- [Task statement]
In the data below, find every line with the word "Used" and copy it out.

Start of Block

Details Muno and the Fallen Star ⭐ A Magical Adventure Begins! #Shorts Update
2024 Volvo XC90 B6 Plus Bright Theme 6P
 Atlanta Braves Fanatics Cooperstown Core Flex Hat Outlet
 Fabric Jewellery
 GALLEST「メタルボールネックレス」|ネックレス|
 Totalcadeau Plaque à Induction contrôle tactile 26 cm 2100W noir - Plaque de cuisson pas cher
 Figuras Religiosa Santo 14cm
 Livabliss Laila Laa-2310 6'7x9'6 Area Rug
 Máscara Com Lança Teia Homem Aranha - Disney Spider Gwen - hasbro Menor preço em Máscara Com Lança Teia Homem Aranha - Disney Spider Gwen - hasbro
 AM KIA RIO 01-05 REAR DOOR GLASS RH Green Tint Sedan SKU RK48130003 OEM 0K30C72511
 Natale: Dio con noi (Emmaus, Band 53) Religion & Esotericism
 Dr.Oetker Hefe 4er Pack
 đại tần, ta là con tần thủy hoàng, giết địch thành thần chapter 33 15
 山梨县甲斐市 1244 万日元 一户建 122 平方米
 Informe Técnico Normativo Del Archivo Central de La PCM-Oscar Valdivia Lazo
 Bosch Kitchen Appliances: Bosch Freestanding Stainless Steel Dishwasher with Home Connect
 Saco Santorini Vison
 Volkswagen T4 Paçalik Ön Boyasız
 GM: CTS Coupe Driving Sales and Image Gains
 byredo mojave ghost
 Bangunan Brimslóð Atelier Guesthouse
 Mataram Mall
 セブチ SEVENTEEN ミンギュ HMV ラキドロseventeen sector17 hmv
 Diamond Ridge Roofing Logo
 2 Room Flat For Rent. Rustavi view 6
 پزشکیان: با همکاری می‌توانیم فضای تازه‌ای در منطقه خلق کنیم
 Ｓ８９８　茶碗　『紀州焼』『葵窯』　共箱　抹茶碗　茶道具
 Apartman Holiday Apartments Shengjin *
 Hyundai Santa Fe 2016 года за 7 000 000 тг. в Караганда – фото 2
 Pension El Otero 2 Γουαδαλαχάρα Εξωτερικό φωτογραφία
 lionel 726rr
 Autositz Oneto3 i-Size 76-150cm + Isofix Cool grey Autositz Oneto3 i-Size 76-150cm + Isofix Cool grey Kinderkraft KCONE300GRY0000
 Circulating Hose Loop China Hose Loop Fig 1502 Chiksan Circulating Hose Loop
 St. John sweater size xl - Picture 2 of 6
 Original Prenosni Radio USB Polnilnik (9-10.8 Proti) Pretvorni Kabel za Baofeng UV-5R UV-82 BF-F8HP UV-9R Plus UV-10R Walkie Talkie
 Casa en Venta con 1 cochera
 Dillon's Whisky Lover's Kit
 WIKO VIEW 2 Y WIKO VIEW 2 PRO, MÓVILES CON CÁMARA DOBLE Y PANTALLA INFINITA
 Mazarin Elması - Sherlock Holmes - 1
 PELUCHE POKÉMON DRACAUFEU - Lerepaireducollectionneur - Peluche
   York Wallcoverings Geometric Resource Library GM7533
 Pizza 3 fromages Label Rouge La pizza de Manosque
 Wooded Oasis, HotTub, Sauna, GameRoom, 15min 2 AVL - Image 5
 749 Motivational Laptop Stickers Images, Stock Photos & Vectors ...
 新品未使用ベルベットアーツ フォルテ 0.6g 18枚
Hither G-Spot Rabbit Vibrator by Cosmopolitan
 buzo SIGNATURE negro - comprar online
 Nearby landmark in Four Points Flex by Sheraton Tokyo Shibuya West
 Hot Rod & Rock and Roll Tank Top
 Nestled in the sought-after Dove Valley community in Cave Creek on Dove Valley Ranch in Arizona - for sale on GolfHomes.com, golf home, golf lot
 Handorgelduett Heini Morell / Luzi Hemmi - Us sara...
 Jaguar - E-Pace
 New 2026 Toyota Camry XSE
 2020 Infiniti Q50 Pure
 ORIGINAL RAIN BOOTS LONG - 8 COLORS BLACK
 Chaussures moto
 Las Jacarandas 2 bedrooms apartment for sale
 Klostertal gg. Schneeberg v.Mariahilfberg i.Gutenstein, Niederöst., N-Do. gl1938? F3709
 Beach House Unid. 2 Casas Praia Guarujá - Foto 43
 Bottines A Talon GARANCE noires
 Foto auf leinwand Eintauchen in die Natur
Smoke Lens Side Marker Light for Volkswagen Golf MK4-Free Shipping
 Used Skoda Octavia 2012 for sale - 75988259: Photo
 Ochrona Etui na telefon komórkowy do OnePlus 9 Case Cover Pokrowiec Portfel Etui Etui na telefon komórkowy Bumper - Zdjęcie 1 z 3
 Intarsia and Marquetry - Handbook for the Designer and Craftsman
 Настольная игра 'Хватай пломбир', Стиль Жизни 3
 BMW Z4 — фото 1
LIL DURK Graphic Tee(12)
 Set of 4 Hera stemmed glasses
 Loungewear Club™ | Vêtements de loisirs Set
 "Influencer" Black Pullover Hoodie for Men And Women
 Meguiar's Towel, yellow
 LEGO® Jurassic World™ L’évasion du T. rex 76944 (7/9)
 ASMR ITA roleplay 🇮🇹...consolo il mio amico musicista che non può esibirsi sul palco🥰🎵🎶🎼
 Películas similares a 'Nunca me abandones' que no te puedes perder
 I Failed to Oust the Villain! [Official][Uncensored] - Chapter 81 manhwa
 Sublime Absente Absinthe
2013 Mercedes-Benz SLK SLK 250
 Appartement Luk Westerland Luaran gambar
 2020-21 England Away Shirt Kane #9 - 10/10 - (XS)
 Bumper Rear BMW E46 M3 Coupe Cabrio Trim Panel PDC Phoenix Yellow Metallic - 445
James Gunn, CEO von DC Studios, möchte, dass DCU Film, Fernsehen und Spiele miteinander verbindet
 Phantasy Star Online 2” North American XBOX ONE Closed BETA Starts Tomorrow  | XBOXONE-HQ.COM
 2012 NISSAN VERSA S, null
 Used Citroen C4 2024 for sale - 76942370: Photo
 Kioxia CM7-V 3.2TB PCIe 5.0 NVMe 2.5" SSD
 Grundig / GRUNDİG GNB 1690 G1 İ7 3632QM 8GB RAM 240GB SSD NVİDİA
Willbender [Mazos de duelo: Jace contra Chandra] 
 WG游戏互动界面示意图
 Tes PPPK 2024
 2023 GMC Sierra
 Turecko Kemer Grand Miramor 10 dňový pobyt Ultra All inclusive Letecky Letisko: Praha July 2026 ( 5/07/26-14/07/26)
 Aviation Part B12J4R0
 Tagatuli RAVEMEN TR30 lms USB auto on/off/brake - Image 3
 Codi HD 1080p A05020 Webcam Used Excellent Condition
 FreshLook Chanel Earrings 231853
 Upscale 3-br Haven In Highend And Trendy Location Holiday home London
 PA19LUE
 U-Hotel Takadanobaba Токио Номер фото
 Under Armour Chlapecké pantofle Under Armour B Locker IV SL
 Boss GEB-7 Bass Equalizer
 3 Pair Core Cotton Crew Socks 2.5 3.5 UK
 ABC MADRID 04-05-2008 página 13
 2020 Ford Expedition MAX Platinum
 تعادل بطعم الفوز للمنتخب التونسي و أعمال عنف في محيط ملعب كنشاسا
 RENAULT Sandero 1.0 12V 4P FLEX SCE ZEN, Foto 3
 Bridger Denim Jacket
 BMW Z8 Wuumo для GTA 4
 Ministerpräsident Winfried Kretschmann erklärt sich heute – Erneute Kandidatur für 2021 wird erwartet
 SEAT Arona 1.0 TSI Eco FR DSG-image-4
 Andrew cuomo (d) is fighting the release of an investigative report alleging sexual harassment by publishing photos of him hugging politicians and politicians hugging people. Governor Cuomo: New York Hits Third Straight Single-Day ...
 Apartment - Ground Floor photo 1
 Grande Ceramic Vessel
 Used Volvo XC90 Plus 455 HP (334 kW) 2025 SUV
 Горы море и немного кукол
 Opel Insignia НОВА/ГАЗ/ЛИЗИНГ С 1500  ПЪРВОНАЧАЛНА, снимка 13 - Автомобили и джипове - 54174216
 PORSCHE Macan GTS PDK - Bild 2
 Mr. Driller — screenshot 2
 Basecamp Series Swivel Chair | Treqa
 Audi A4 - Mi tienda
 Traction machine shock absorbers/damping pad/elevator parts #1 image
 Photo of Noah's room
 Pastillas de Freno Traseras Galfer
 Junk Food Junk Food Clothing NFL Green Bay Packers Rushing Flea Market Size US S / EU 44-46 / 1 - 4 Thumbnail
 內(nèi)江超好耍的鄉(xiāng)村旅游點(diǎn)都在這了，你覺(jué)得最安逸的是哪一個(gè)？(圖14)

End of Block

- [Problem solution]
 Used Skoda Octavia 2012 for sale - 75988259: Photo
 Used Citroen C4 2024 for sale - 76942370: Photo
 Codi HD 1080p A05020 Webcam Used Excellent Condition
 Used Volvo XC90 Plus 455 HP (334 kW) 2025 SUV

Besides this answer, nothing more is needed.